CUNY-CL / yoyodyne

Small-vocabulary sequence-to-sequence generation with optional feature conditioning

Geek Repo:Geek Repo

Github PK Tool:Github PK Tool

Automatic batch sizing

kylebgorman opened this issue · comments

PyTorch Lightning supports a mode where it automatically computes the maximum batch size on your accelerator (by collecting gradients over a few batches and then using binary search to find a max that doesn't give OOM errors). Documentation is here. It appears straightforward to implement (see "Note" on docs.)

Having this enabled would be very useful for computing the maximum batch size possible. From this one could factor the desired batch size and accumulate gradients across multiple batches per optimizer step, so this is related to #132 in the obvious way.

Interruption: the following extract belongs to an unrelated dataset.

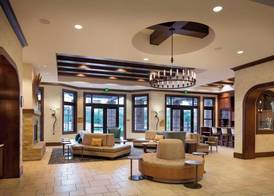 SpringHill Suites Napa Valley 2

This will also combine nicely with a move to LightningCLI, IMO, since that uses a subcommand interface and we could do something like yoyodyne scale_batch_size --arg1 --arg2 to enable this.

commented

I think I am on the hook to finally do this. Current thoughts after looking at previous discussions:

  • A user specifies a --batch_size
  • Optionally, a user can specify a --max_batch_size, in which case we recompute something like batch_size_prime and a number of gradient accumulation steps k so that we do not put > max_batch_size on GPU at a time. With these + PTL features, we can ask the trainer to accumulate gradients thus simulating an effective batch size of batch_size automatically.
    - I guess we can use your implementation here: https://gist.github.com/kylebgorman/178f6fe9a7b83286d0d30c8136575c81 for that (I have not looked at it closely FYI).
  • Instead of --max_batch_size a user can specify something like --find_max_batch_size. Then, we set max_batch_size automatically using the PTL feature, and if max_batch_size > batch_size, we compute batch_size_prime and k to automatically accumulate gradients.

This means we add two new args: --max_batch_size and --find_max_batch_size, where --max_batch_size should not be set if --find_max_batch_size is requested. I think supporting setting --max_batch_size manually makes sense as the finding step can be skipped if I have already found it for my exp + GPU, and I just want to enter it manually instead of using compute.

Does this seem right? I think this could go in a combinaiton of util.py and train.py but we can make another module too if need be.

Let's define two things: "notional batch size" is the number of elements per training step, and "effective batch size" is the size of the minibatches of which there is at least one per step. Then:

(A) effective batch size x N = notional batch size

where N is a positive counting number >= 1. Users need to be able to:

  1. train by specifying effective batch size and N
  2. find the largest batch size possible, and
  3. compute, for a given notional batch size, the largest effective batch size (and the smallest N) that satisfies (A).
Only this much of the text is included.